Security tool, or torture? Time running out for Liberals to make a call on solitary confinement
The government, says one former corrections DG, 'isn't very interested in doing anything progressive'
Eventually, the courts might compel the Liberal government to impose strict limits on the use of solitary confinement in federal prisons.
But the government is already being judged. And if there's any reason to believe its critics are right — that administrative segregation can amount to inhumane treatment bordering on torture — the Liberals may not want to wait for the courts to make up their minds for them.
"We're here to expose the truth," Michael Bryant, executive director of the Canadian Civil Liberties Association (CCLA) and a former attorney general of Ontario, said at a news conference in Ottawa Monday.
"And the truth is that the government of Canada is fighting in the courts for the right to put mentally ill and indigenous people in a torture box."
Strong words. Justice Peter Leask of the Supreme Court of British Columbia was only slightly less dramatic in his ruling against the use of indefinite administrative segregation in prisons, issued earlier this year.
"I find as a fact that administrative segregation as enacted by s. 31 of the [Corrections and Conditional Release Act] is a form of solitary confinement that places all Canadian federal inmates subject to it at significant risk of serious psychological harm, including mental pain and suffering, and increased incidence of self-harm and suicide," he wrote.
Indefinite segregation, Justice Leask ruled, violates section 7 of the Charter of Rights.
Weeks earlier, an Ontario court offered a more qualified ruling that emphasized the need for proper safeguards.

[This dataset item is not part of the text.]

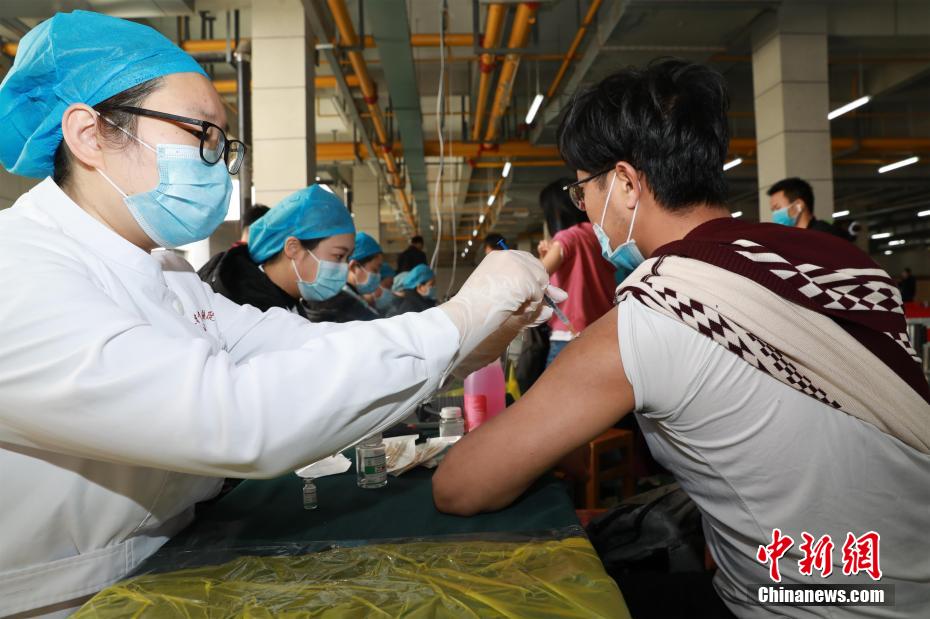 同桌扒开我腿用震蛋器折磨我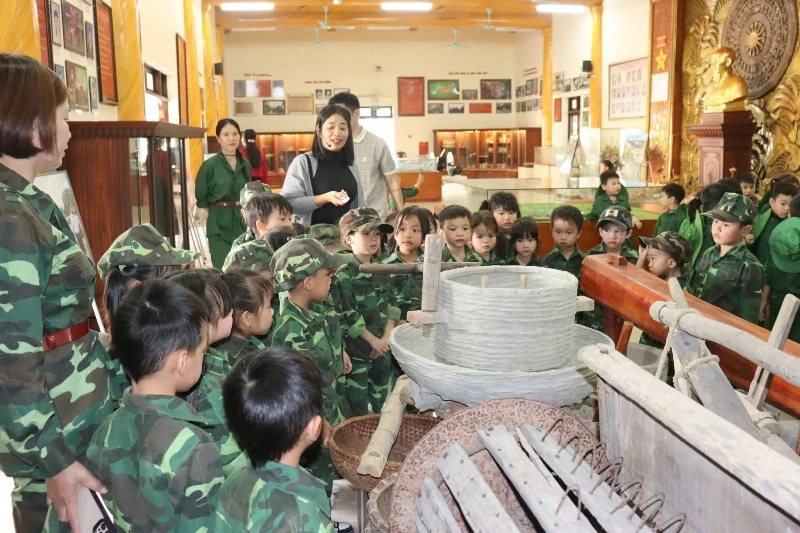 Nhiều trường học tổ chức hoạt động kỷ niệm Ngày thành lập Quân đội Nhân dân Việt Nam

The federal government is appealing the B.C. ruling, while the CCLA is appealing the Ontario judgment. Goodale's office notes that Corrections Services Canada has adopted new guidelines to prevent individuals with serious mental illnesses from being put in segregation. But federal legislation tabled by Public Safety Minister Ralph Goodale has not moved forward since being introduced in June 2017.
Bryant, alongside representatives of the John Howard Society and the British Columbia Civil Liberties Association, was in Ottawa to remind everyone that solitary confinement remains a serious concern.
"While these matters remain before the court, we are reviewing all recent court judgments. We will identify any further and better ideas that need to be incorporated in our reform package," Goodale said earlier this year. "But we have been proactive from the beginning and our work is already well advanced."
Pending the appeals in B.C. and Ontario, critics have a series of complaints about Goodale's bill: that it does not prohibit the use of administrative segregation for those with mental illnesses, that the review mechanism is not sufficiently independent and that the phased-in 15-day limit written into the bill is too easily extended.
Using the Mandela Rules adopted by the United Nations as a reference, Justice Leask wrote that 15 days would be a "generous" limit. The inquest into the death of Ashley Smith recommended the same limit, with an annual cap of 60 days.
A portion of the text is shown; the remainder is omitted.